Re: [PATCH v1 3/3] perf auxtrace arm: Support compat_auxtrace_mmap__{read_head|write_tail}

From: Leo Yan
Date: Mon Aug 23 2021 - 09:30:54 EST


Hi James,

On Mon, Aug 23, 2021 at 01:23:42PM +0100, James Clark wrote:
>
>
> On 09/08/2021 12:27, Leo Yan wrote:
> > When the tool runs with compat mode on Arm platform, the kernel is in
> > 64-bit mode and user space is in 32-bit mode; the user space can use
> > instructions "ldrd" and "strd" for 64-bit value atomicity.
> >
> > This patch adds compat_auxtrace_mmap__{read_head|write_tail} for arm
> > building, it uses "ldrd" and "strd" instructions to ensure accessing
> > atomicity for aux head and tail.

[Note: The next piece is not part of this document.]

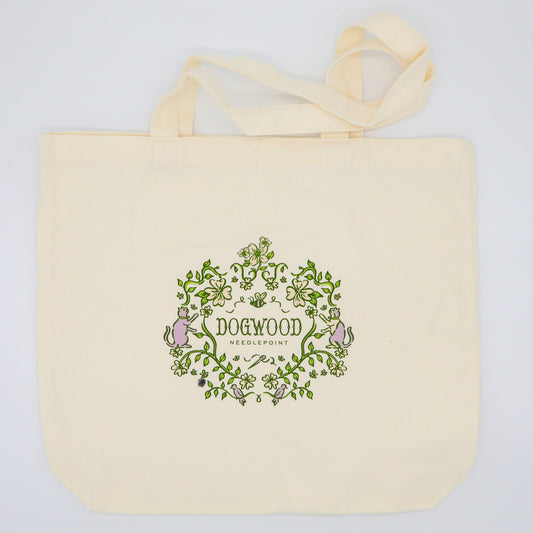 Dogwood Canvas Tote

The file arch/arm/util/auxtrace.c is
> > built for arm and arm64 building, these two functions are not needed for
> > arm64, so check the compiler macro "__arm__" to only include them for
> > arm building.
> >
> > Signed-off-by: Leo Yan <leo.yan@xxxxxxxxxx>
> > ---
> > tools/perf/arch/arm/util/auxtrace.c | 32 +++++++++++++++++++++++++++++
> > 1 file changed, 32 insertions(+)
> >
> > diff --git a/tools/perf/arch/arm/util/auxtrace.c b/tools/perf/arch/arm/util/auxtrace.c
> > index b187bddbd01a..c7c7ec0812d5 100644
> > --- a/tools/perf/arch/arm/util/auxtrace.c
> > +++ b/tools/perf/arch/arm/util/auxtrace.c
> > @@ -107,3 +107,35 @@ struct auxtrace_record
> > *err = 0;
> > return NULL;
> > }
> > +
> > +#if defined(__arm__)
> > +u64 compat_auxtrace_mmap__read_head(struct auxtrace_mmap *mm)
> > +{
> > + struct perf_event_mmap_page *pc = mm->userpg;
> > + u64 result;
> > +
> > + __asm__ __volatile__(
> > +" ldrd %0, %H0, [%1]"
> > + : "=&r" (result)
> > + : "r" (&pc->aux_head), "Qo" (pc->aux_head)
> > + );
> > +
> > + return result;
> > +}
>
> Hi Leo,
>
> I see that this is a duplicate of the atomic read in arch/arm/include/asm/atomic.h

Exactly.

> For x86, it's possible to include tools/include/asm/atomic.h, but that doesn't
> include arch/arm/include/asm/atomic.h and there are some other #ifdefs that might
> make it not so easy for Arm. Just wondering if you considered trying to include the
> existing one? Or decided that it was easier to duplicate it?

Good finding!

With you reminding, I recognized that the atomic operations for
arm/arm64 should be improved for user space program. So far, perf tool
simply uses the compiler's atomic implementations (from
asm-generic/atomic-gcc.h) for arm/arm64; but for a more reliable
implementation, I think we should improve the user space program with
architecture's atomic instructions.

So I think your question should be converted to: should we export the
arm/arm64 atomicity operations to user space program? Seems to me this
is a challenge work, we need at least to finish below items:

- Support arm64 atomic operations and reuse kernel's
arch/arm/include/asm/atomic.h;
- Support arm atomic operation and reuse kernel's
arch/arm/include/asm/atomic.h;
- For aarch32 building, we need to use configurations to distinguish
different cases, like LPAE, Armv7, and ARMv6 variants (so far I have
no idea how to use a graceful way to distinguish these different
building in perf tool).

I am not sure if there have any existed ongoing effort for this part,
if anyone is working on this (or before have started related work),
then definitely we should look into how we can reuse the arch's
atomic headers.

Otherwise, I prefer to firstly merge this patch with dozen lines of
duplicate code; afterwards, we can send a separate patch set to
support arm/arm64 atomic operations in user space.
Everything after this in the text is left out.